December 24, 2008 - Christmas Eve - Kirk Stevan Smith
For people who believe, who doubt, and who don't believe at all: it is for all of these people that the Christ-child is born. We separate ourselves from one another and multiply distinctions and differences, but it is God who takes all of these frailties and failings into himself and transcends them. God and man, birth and death, physical and spiritual . . .all of these are brought together in Jesus Christ. We sing on Christmas Eve because this reality means that we ourselves with all of our differences and struggles can be brought together in God.
December 21, 2008 - Fourth Sunday in Advent - Maeve Johnson
People are good . . . honor and virtue are important . . . money and power don't mean anything . . . good triumphs over evil . . . We've heard all of these maxims before, but we may doubt them as much as we seem to believe them. Ultimately, though, we have to say that they are worth believing in. In today's story, Joseph did not cast aside Mary quietly when she became pregnant, as was culturally permissible, but instead took the path of honor and virtue because he chose to simply believe.
December 14, 2008 - Third Sunday in Advent - Nicholas Knisely
The Third Sunday in Advent is a turning point in our Advent observance when we focus on the coming Christmas holiday and less on Christ's future coming. We begin to look backwards to the first fulfillment of God's promises. The message of this Sunday for us during these scary times for us is that God keeps his promises. We hear about these promises from God's prophets in the dark times - and this is why this Rose Sunday, we are able, with Paul, to say Rejoice.
December 7, 2008 - Second Sunday in Advent - Licia Baldi Affer
Halfway through the book of Isaiah, the voice and language of the prophet changes. It goes from one that forecasts doom because of the complacency of the Israelites to one that says that God is doing a new thing, and to be prepared. Mark's gospel elides the message of Isaiah into John the Baptist's proclamation: to make the paths of our hearts straight before God. How do we do that?
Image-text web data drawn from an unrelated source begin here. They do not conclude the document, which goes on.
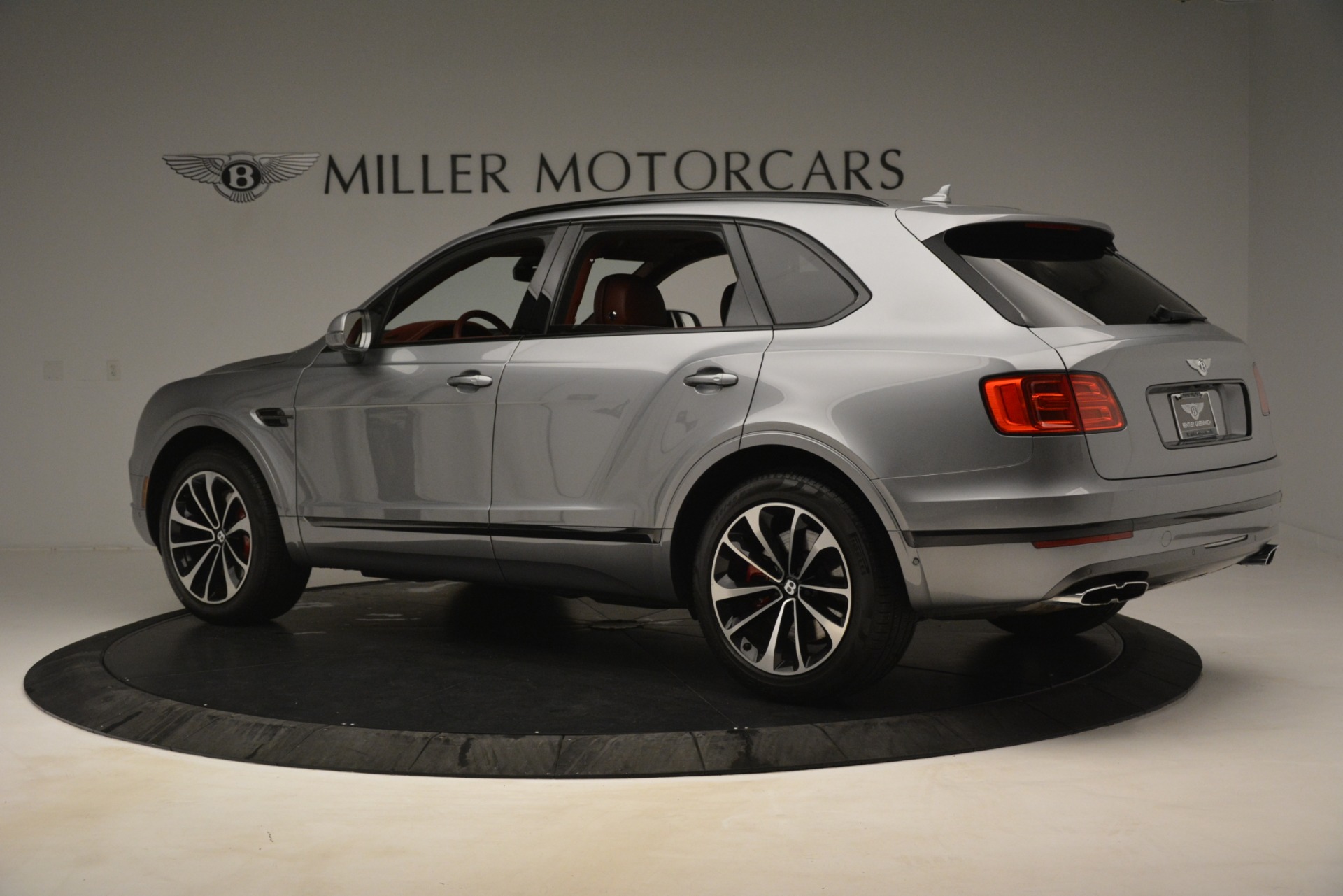 New-2019-Bentley-Bentayga-V8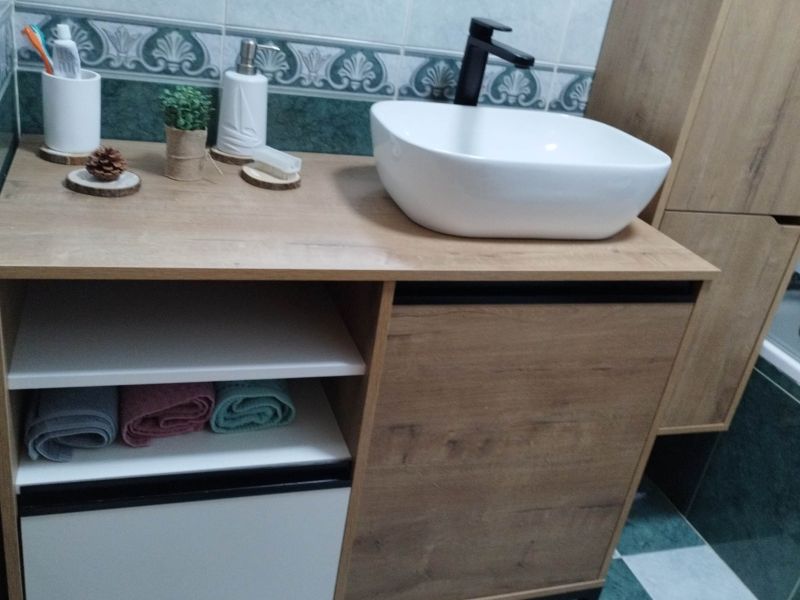 Foto de cliente de Mueble de Baño con Patas Támesis Roble y Blanco 100 cm (Lavabo opcional)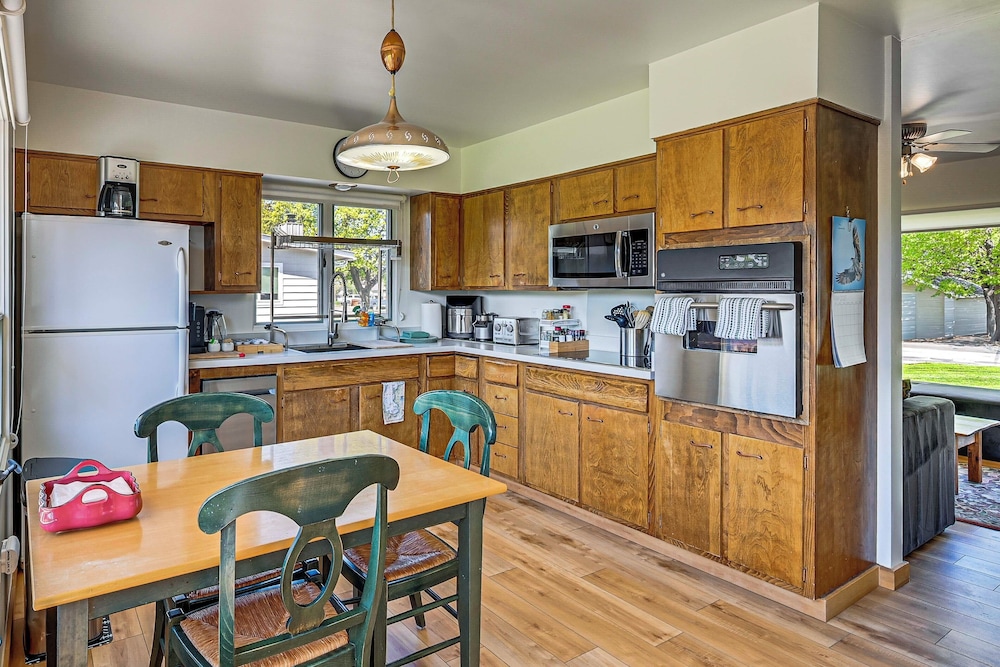 Walk to Flathead Lake: Airy Home w/ Mtn Views!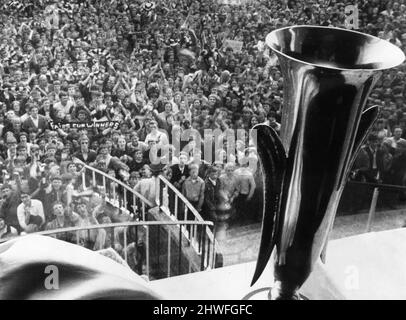 Newcastle United Homecoming nach dem Gewinn des 1969 Inter-Cities Fairs Cup mit einem Gesamtgewinn von 6-2 gegen den ungarischen Ujpest FC, Donnerstag, den 12.. Juni 1969. Unser Bild zeigt ... Trophäe für Fans im St James Park. Stockfoto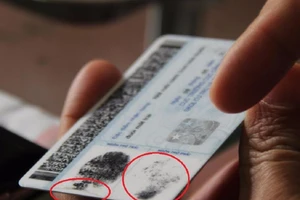 Lo lắng vì CMND 12 số bị mờ, bong tróc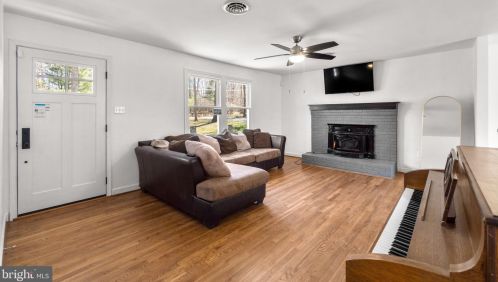 3650 Daisy Rd, Woodbine MD  21797-7526 exterior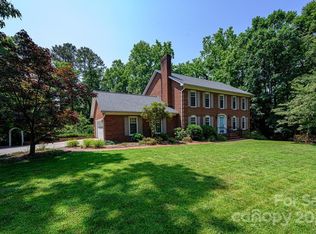 961 30th Avenue Dr NW, Hickory, NC 28601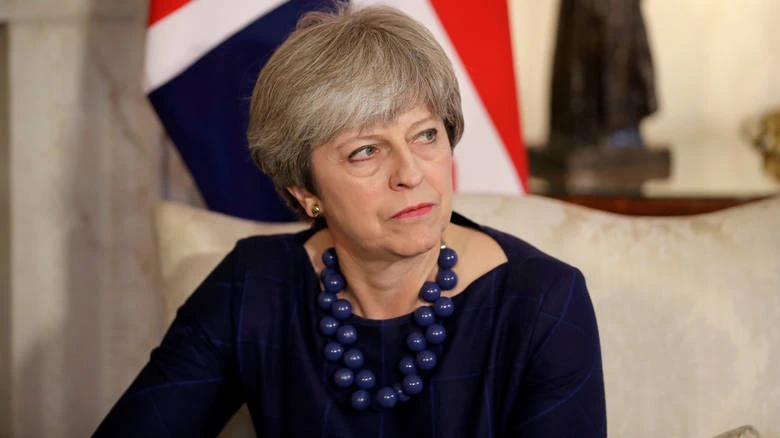 Brexit: Δεν της έφταναν της Μέι τα προβλήματα που ήδη έχει, της δημιουργούν και άλλα οι Εργατικοί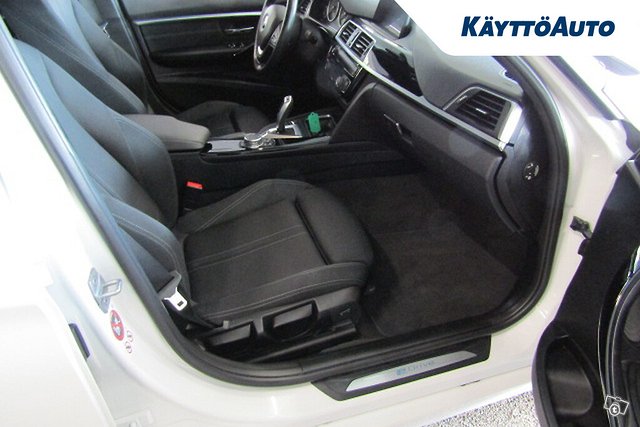BMW 330 13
November 30, 2008 - First Sunday in Advent - Licia Baldi Affer
This Sunday marks the start of the church year, and new years of any kind are a time to ask about what our purposes and mission is. If we were to take Mark's "little apocolypse" as our mission statement, it makes for a pretty good one . . . except that we can't control when the Kingdom of God will come. We can envision it, live it out, and pray for it, but we ourselves cannot bring it about, which leaves us in a place, a season, of hope - which is Advent.